Plot a graph of temperature against time. Rearrange the above equation to give...

E/Δt = mc (Δθ/Δt)

Δθ/Δt is the gradient
E/Δt is the constant power supplied (power is work/time)
 c = P/(m x gradient).

This might be a bit confusing so may be a good idea to look over this again (and again... and again... and again...)

Methods of mixtures
This is another way in which we can determine the specific heat capacity of a substance. Known masses of two substances a different temperatures are mixed together and their final temperature (their temperature at thermal equilibrium) is recorded. This allows for the specific heat capacity of one to be calculated provided the other is known. For example...

A block of mass 0.1kg is heated to 100°C and then placed in 0.2kg of liquid which is at 20°C. The liquid and the block reach thermal equilibrium at 26°C. Determine the specific heat capacity of the metal. The specific heat capacity fo the liquid is 4200 J / (kg K).

Okay so thermal energy is transferred from the block to the liquid meaning that energy transferred from block = energy transferred to liquid...

m(block) x c(block) x Δθ(block) = E + m(liquid) x c(liquid) x Δθ(liquid)

0.2 x c(block) x (100-26) = 0.2 x 4200 x 6

7.4 c(block) = 5040

c(block) = 5040 / 7.4 = 681 J / (kg K)

Constant-volume-flow heating
If i'm, honest, i'm not sure if we need to know this (can't really find it in the spec) but we studied it in class so here it is if you want it...

Constant-volume-flow heating is a technique used to heat a fluid passing over a heated filament (e.g it is used in many showers/dishwashers etc).

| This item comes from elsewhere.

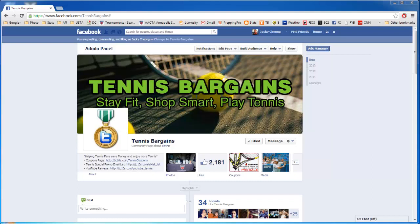All right, welcome everyone. This is Tennis Bargains and today we're going to show how people can register for tennis tournaments.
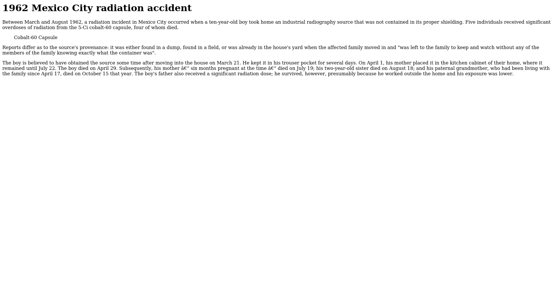1962 Mexico City Radiation Accident. Between March and August 1962, a radiation incident in Mexico City occurred when a ten-year-old boy took home an industrial radiography source that was not contained in its proper shielding.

Liquids are virtually incompressible meaning a given volume of a liquid in a pipe is equivalent to a given mass so the rate of flow can be regarded as the mass flowing through the pipe and passing over the heating element per unit time in kg/s. For constant-volume-flow heating E = mcΔθ becomes...

E/Δt = (m/Δt)cΔθ

NOTE: do not get this mixed up with E/Δt = mc (Δθ/Δt) from the experiment!!! they are different arrangements.


Specific latent heat
Okay so this is the energy needed to change the phase per unit mass while at a constant temperature. There are two types...

• Specific latent heat of fusion (solid to liquid/liquid to solid)
• Specific latent heat of vaporisation (liquid to gas/gas to solid)

They are both calculated using the equation...

L = E / m

As we know from 5.1.2 the energy transferred to a substance at its melting point increases the internal energy of the substance by increasing the electrostatic potential forces between the atoms/molecules without increasing its temperature. We need to know how we might go about determining the specific latent heat of fusion and vaporisation of a substance...

The specific latent heat of fusion:

• Create a circuit with an ammeter, switch, variable resistor, and voltmeter across a heater.
• Introduce the heater into a funnel of ice (with a beaker underneath to collect the melted ice/water)
• Use a thermometer to ensure the ice is at melting point (the ice should be seen to be just starting to melt when the heater is switched on).
• Measure the potential difference across the heater, the current in the heater, and the time during which the heater is used to determine the energy transferred to the ice by the equation E = ItV
• Measure the mass of water (the mass if the substance, ice, that changes phase from solid to liquid)
• The specific latent heat of fusion can be determined using L = (ItV)/m

The specific latent heat of vapourisation:

• Use an electrical heater with a condenser to collect and measure the mass of liquid that changes phase.
• The Lv can be found using the same equation, L = (ItV)/m

Energy conversions
I just wanted to do a tiny bit on energy conversions to help with which equations to use when depending on what questions get asked...

• heating a solid to melting point, E = m x c(solid) x Δθ
• melting a solid at constant temperature, E = mLf
• heating the liquid to boiling point, E = m x c(liquid) x Δθ
• boiling the liquid at constant temperature, E = mLv